After registering an intraday low of 75.36, the Indian rupee (INR) appreciated on Wednesday to close with a gain of nearly 0.4 per cent against the US dollar (USD). It closed at 75.14 and so it still remains below the important level of 75.

The domestic currency opened with a gap down today at 75.23 versus yesterday’s close of 75.14. Though it looks bearish, 75.3 is a good support level. So, if the INR advances on the back of this support, it is likely to face a hindrance at 75.1, above which 75 is a strong resistance. But if the local currency slips below 75.3, it could fall to 75.5.

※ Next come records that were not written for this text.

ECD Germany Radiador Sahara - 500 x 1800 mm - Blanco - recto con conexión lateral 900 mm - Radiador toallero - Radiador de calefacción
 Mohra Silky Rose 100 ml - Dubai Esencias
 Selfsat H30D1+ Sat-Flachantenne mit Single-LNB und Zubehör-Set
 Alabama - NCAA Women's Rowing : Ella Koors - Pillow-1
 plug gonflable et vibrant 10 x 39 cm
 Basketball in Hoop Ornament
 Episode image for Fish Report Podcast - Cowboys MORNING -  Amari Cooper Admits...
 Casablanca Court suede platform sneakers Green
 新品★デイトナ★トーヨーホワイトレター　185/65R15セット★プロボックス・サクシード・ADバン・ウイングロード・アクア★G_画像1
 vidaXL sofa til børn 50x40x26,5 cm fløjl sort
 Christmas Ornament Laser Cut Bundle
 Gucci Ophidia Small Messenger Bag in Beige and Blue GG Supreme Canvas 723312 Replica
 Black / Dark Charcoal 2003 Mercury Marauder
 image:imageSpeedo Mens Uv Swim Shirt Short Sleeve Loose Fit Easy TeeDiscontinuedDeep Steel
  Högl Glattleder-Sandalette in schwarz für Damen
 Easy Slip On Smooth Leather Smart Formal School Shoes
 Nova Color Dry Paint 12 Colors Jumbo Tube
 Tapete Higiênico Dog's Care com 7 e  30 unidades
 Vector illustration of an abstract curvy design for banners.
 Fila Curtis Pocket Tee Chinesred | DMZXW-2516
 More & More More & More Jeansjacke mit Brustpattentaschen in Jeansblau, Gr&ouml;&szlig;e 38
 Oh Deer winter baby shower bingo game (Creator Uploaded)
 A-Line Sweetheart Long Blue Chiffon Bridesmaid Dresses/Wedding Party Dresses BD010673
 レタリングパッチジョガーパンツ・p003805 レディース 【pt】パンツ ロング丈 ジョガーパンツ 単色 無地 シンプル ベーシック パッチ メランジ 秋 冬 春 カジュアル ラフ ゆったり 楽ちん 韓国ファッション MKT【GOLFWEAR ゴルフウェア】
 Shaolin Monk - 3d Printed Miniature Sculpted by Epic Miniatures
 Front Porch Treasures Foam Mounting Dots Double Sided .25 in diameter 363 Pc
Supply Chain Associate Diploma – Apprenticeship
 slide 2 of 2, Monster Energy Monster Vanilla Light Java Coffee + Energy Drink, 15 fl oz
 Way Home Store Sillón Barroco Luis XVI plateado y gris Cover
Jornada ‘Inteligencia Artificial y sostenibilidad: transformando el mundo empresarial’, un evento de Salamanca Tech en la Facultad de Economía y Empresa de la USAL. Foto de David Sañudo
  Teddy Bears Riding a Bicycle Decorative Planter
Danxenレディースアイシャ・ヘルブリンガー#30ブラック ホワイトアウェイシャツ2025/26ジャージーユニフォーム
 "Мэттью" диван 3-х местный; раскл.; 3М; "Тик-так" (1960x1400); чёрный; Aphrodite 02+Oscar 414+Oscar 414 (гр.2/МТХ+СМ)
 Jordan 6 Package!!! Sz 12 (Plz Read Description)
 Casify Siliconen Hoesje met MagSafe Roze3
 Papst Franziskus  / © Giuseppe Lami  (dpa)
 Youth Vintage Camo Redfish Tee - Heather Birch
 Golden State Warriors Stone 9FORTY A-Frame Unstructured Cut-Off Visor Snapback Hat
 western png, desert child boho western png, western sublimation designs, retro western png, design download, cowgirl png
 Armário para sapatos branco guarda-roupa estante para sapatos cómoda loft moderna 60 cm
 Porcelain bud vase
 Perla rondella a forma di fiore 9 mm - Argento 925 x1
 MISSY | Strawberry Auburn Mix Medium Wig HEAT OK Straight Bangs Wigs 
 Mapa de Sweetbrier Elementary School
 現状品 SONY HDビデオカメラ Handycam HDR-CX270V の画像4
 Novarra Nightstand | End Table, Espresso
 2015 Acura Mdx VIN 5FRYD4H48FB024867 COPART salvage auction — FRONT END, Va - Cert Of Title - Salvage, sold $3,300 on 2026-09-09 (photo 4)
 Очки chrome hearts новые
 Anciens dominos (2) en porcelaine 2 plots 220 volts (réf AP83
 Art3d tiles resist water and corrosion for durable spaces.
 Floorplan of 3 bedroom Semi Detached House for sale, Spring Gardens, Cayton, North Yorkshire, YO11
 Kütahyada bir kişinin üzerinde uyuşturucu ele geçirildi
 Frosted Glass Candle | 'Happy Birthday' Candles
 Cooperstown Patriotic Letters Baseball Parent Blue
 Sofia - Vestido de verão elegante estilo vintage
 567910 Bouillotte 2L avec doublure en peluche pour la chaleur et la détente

Foreign portfolio investors (FPI) net sold ₹221 crore yesterday (equity and debt combined), taking the net outflow for the week to ₹1,565 crore. This has been weighing on the rupee, and further selling can add more pressure dragging it down against the greenback.

Trade surplus

Government data released yesterday showed that India has registered a surplus in foreign trade in the month of June. The surplus stood at $0.79 billion, compared to a deficit of $15.3 billion in the same month previous year. The April-June period this year (deficit of $9.1 billion) has also been better, compared to last year (deficit of $45.9 billion). The improvement in the trade balance comes from a quicker fall in imports than in exports. A surplus means net inflow from trade, which is good for the rupee.

Dollar index

The dollar index continued to depreciate, ending below the support of 96.25 for the second day in a row, hinting at strong bearish traction. The index, currently trading at 96.1, has support at 96. A break below this level can intensify the sell-off. This can help lift the Indian currency against the dollar.

Trade strategy

The rupee, after opening with a gap-down, is hovering around 75.25. Since 75.3 is a support, it might gain from the current level. Hence, traders can initiate rupee long positions with tight stop-loss.